WORLD Magazine’s current cover story concerns Puerto Rico’s debt and its implications, but some residents of Washington and San Juan argue that the solution is obvious: The U.S. government should bail out Puerto Rico. These partisans tell conservatives concerned about setting a precedent not to worry, because Puerto Rico is exceptional, and its debt a result of its “colonial status.”
David R. Martin, author of Puerto Rico: The Economic Rescue Manual, acknowledges that “the ‘colonialism’ arguments play well to the vast majority of my Puerto Rican family,” but that’s because they “view reality through the kaleidoscopic prism of the island’s status-based politics. These status politics often trump any principled economic reasoning or objective data to explain or present solutions to the crisis.”

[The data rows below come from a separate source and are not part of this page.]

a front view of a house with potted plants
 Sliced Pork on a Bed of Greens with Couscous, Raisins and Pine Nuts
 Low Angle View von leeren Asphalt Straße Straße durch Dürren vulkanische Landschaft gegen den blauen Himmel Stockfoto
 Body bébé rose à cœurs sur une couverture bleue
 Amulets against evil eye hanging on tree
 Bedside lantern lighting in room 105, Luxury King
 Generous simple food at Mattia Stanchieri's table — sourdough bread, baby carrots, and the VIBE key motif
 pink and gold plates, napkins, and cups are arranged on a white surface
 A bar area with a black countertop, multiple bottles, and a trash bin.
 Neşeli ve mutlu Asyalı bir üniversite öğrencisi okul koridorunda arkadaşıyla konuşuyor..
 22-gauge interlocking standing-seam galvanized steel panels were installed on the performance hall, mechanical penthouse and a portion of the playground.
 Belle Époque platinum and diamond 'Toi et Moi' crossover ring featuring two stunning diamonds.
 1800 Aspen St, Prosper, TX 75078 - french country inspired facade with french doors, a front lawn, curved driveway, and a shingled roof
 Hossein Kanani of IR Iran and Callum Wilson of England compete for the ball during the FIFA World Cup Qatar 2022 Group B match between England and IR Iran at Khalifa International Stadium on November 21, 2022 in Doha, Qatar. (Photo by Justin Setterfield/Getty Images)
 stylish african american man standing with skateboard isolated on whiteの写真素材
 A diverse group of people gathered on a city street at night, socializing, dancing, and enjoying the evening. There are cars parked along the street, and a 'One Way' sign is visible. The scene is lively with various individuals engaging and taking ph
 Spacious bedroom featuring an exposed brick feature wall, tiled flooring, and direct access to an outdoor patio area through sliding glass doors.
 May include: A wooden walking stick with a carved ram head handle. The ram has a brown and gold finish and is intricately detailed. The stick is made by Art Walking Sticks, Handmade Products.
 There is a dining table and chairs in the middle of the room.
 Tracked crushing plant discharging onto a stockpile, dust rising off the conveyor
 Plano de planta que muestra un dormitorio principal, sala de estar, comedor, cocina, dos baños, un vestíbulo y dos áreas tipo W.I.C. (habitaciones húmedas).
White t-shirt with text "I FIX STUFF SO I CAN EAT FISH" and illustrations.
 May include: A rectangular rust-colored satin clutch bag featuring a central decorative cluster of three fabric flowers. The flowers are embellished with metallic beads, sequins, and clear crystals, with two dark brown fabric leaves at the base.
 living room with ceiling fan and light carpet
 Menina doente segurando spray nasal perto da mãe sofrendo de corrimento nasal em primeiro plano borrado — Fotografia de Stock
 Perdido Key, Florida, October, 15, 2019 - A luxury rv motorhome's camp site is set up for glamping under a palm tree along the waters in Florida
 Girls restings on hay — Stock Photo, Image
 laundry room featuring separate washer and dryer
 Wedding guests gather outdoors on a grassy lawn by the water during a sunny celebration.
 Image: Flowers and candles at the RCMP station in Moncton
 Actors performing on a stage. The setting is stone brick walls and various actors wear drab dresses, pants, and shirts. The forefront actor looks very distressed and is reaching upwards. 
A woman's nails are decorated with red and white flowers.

The status reports I’ve been reading every weekday for the past three months have led me to conclude that liberals who decry arguments for “American exceptionalism” should not support “Puerto Rican exceptionalism” either. The most common complaint concerns the Jones Act, legislation from 1920 that says only U.S.-owned and operated vessels can carry goods between Puerto Rico and the U.S. mainland. The Jones Act should be changed to allow more competition, but how terrible could it be when Hawaii abides by it also, yet has a strong economy?
Is it unfair to compare a territory with one of the United States? Let’s compare apples with apples, Puerto Rico and other Caribbean islands I’ve also visited, the U.S. Virgin Islands and the Dominican Republic. The Jones Act could not be the great determiner of island prosperity because the U.S. Virgin Islands are exempt from it, yet have higher consumer prices than Puerto Rico and comparable unemployment. Nor should the Jones Act be scapegoated for gasoline prices: The Dominican Republic is not subject to the Jones Act yet still has gas prices almost double those of Puerto Rico.
Puerto Rico needs not blame-shifting but a supply-side revolution that could unleash entrepreneurialism, which now largely fuels a thriving trade in illegal drugs. Reformers should go after not high taxes but the low or non-existent taxation of favored individuals or classes: Puerto Rico has exempted 90 percent of the island’s $100 billion gross domestic product from taxation. Owners of expensive real property pay very little. Public assistance to the poor should be funneled into something akin to the Earned Income Tax Credit so that residents can see the benefits of working.
Right now, those who go on welfare in Puerto Rico can take home much more than they receive for working a minimum wage job. Is it any wonder that only 40 percent of adults on the island are legally working?